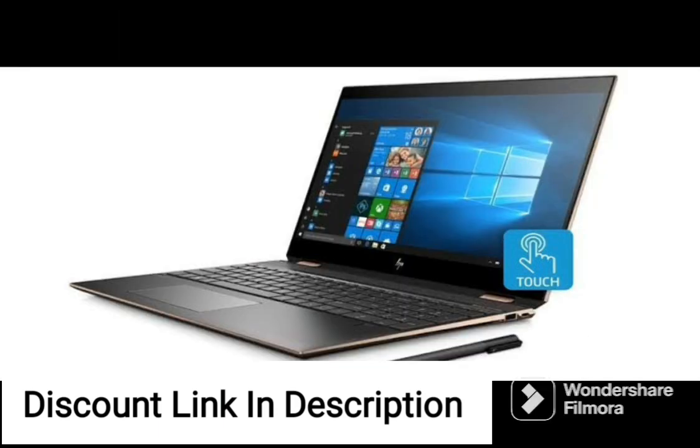The laptop comes pre-installed with Windows 10 Home and Microsoft Office, providing a familiar and productive environment for work or play.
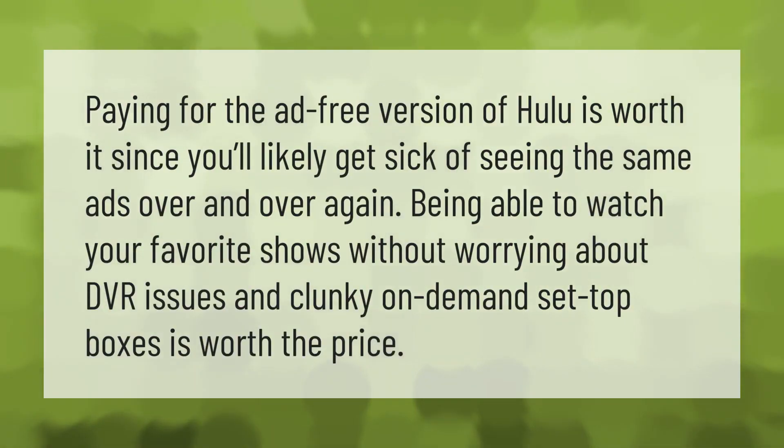Paying for the ad-free version of Hulu is worth it, since you'll likely get sick of seeing the same ads over and over again. Being able to watch your favorite shows without worrying about DVR issues and clunky on-demand set-top boxes is worth the price.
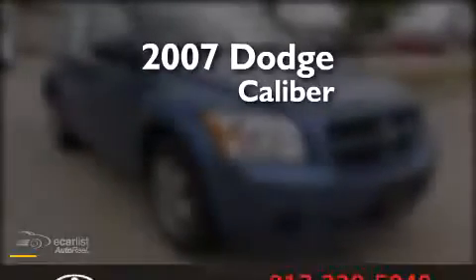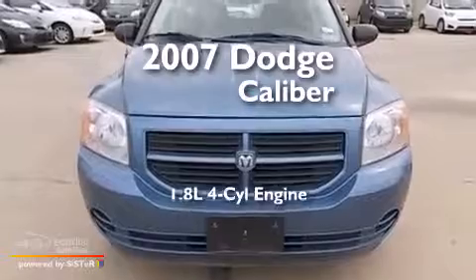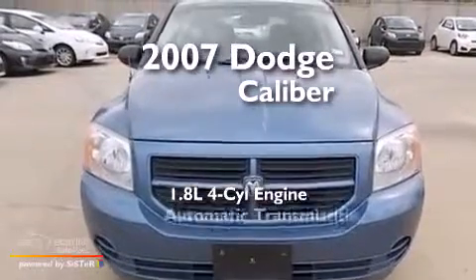This is a 2007 Dodge Caliber. It features a 1.8 liter four-cylinder engine and an automatic transmission.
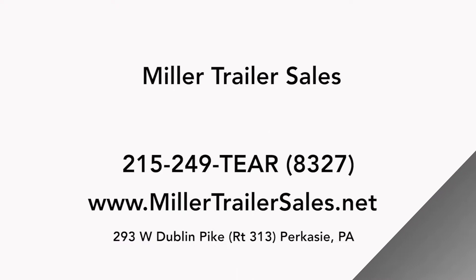If you're looking for a teardrop trailer, a camping trailer, or a lightweight trailer and you live in Pennsylvania, going all the way up to Boston, down to Florida, throughout really the country — Miller Trailer Sales can help.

Activity: Return the lines from the one that contains "This is a 2007" through the final line of the listing above, inclusive. Transcribe them exactly and drop the pictures.

Answer space:
This is a 2007 Dodge Caliber. It features a 1.8 liter four-cylinder engine and an automatic transmission.
If you're looking for a teardrop trailer, a camping trailer, or a lightweight trailer and you live in Pennsylvania, going all the way up to Boston, down to Florida, throughout really the country — Miller Trailer Sales can help.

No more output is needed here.